To state a claim for ineffective assistance of counsel, a defendant must show that his counsel's performance was deficient, which is to say that it "fell below an objective standard of reasonableness," and that he was prejudiced by his counsel's deficient performance. Outten v. Kearney, 464 F.3d 401, 414 (3d Cir. 2006) (citing Strickland v. Washington, 466 U.S. 668, 687 (1984)). There is a "strong presumption" that counsel acted reasonably, and "a court deciding an actual ineffectiveness claim must judge the reasonableness of counsel's challenged conduct on the facts of the particular case, viewed as of the time of counsel's conduct." Strickland, 466 U.S. at 689-90. Moreover, counsel does not have an obligation to raise every claim his client suggests; counsel cannot be deemed ineffective for failing to raise a meritless claim. Parrish v. Fulcomer, 150 F.3d 326, 328 (3d Cir. 1998).
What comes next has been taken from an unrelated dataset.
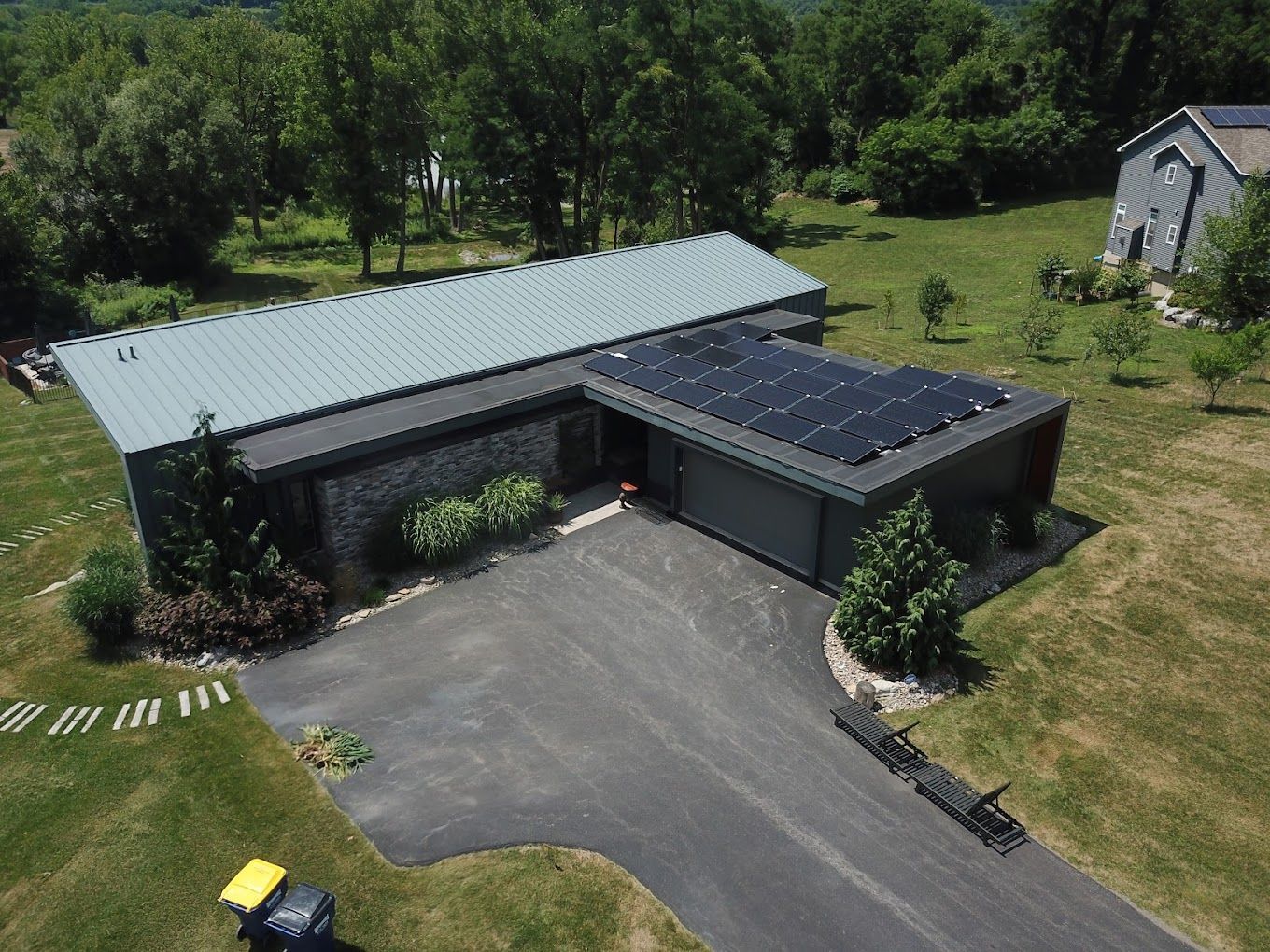 an aerial view of a house with solar panels on the roof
To prevail on an ineffective assistance claim, the defendant must show that "but for counsel's unprofessional errors, the result of the proceeding would have been different." Outten, 464 F.3d at 414.

A. Grand Jury Proceedings

First, Martin suggests that counsel was ineffective for failing to object to the indictment on the basis that the grand jury proceedings were sealed and he was not represented at them. This argument is frivolous. Martin does not have a right to be present or to be represented at grand jury proceedings. See Fed. R. Crim. P. 6(d). Grand jury proceedings are generally sealed and confidential, and indictments may be ordered sealed until a defendant is in custody. See Fed. R. Crim P. 6(e). Martin has raised no facts to indicate that the grand jury proceedings were improper or that the indictment was not supported by probable cause. This argument is meritless, thus counsel cannot be deemed ineffective for failing to raise it prior to trial or on direct appeal. Parrish, 150 F.3d at 328.

B. Statute of Limitations

Martin next challenges the indictment as barred by the statute of limitations. To the extent he intends to argue that counsel was ineffective for failing to challenge the indictment on statute of limitations grounds, this claim will be denied. The limitations issue was adequately raised, well-argued, and properly denied by the Court prior to trial and by the Third Circuit Court of Appeals on direct appeal. (Doc. Nos. 22, 56, 279-2.) The Third Circuit affirmed this Court's ruling that the statute of limitations did not apply to Martin because he was a fugitive from justice for a portion of time between the crime and the indictment. (Doc. No. 279-2 at 3-5.)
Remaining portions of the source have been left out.